Difficulty level: Novice
Target Muscle: Back
Equipment: Stability Ball
Instructions for proper form
Begin by lying face down on a stability ball with your feet flat on the ground and your hips square to the floor. Keep your hands resting on the ground or extending out to the sides for balance. Engage your core muscles. Slowly lift your chest and head off the ball, extending your spine as you push your shoulder blades together. Hold the position for a few seconds before slowly lowering back down. Ensure your neck is in a neutral position and avoid overarching your back.
Common mistakes to avoid
Avoid lifting your head too high, which can strain your neck. Do not let your lower back sag or your hips collapse towards the ground. Ensure your feet remain flat to prevent unnecessary rolling of the ball.
Benefits
Specific benefits of the exercise
Improves spinal alignment and posture, enhances back strength, and promotes stability in the core muscles while engaging the erector spinae.
Expected results and timeframe
With consistent practice (2-3 times per week), you can expect to see improved posture and core strength within 4-6 weeks..

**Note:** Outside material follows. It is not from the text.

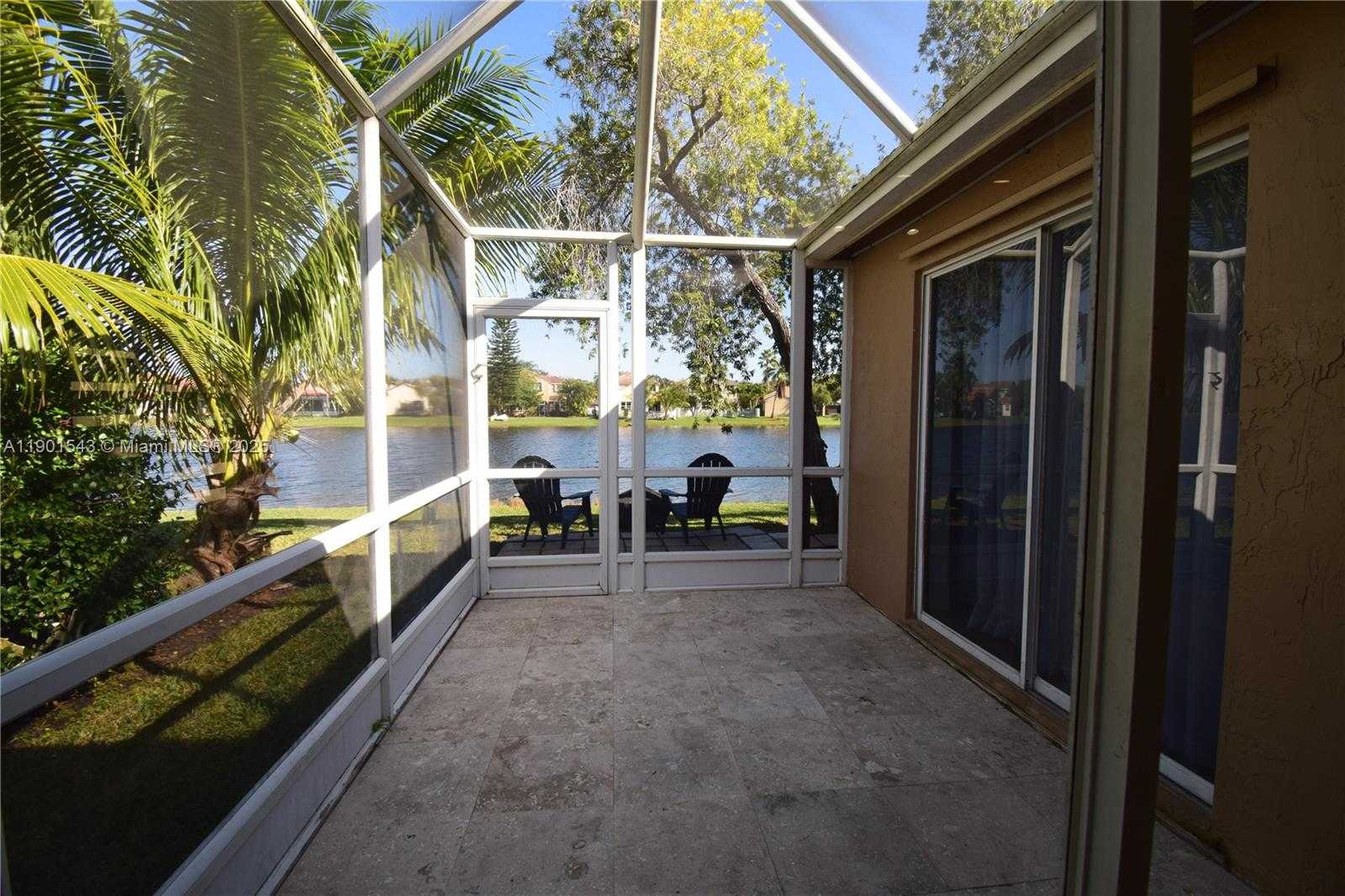 Small Image of 794 SAN REMO DR, Weston Number 12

Who this exercise is best for
Best for beginners, those working on improving posture, and individuals recovering from back injuries, or anyone looking to strengthen their back muscles in a safe manner.

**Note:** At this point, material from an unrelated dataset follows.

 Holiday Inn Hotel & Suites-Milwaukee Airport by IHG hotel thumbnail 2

Scientific studies supporting its effectiveness
Research indicates that stability ball exercises enhance core stability and can improve functional performance in daily activities (Source: Journal of Strength and Conditioning Research).
Variations
Beginner modifications
For easier variation, perform the exercise with your feet on the ground instead of on the ball or reduce the time spent in the extended position. You can also use a mat for extra support.
Advanced progressions
To progress, extend your arms above your head while lifting your torso, or add a twist at the top of the movement to engage the obliques. You may also increase the hold duration.
Integrations
Complementary exercises
Complement this exercise with planks, supermans, and bird-dogs to further strengthen the back and core.
Super set recommendations
Pair the Stability Ball Prone Cobra with a set of dumbbell rows or resistance band pull-aparts to target both the back and chest muscles.
Sample workout routines
Include in a core-focused routine: 3 sets of Stability Ball Prone Cobra (hold for 10-15 seconds), followed by 3 sets of Plank holds (30 seconds), and finish with 3 sets of Bird-Dogs (12 reps each side).
Exercise combinations
Combine with lower body exercises such as squats or lunges for a full-body routine. For example, perform 10 Stability Ball Prone Cobras followed by 15 squats.
Best time to do this exercise in your workout
Best performed at the beginning of your workout as part of your warm-up routine to activate and engage the back muscles and improve posture before moving into heavier lifts.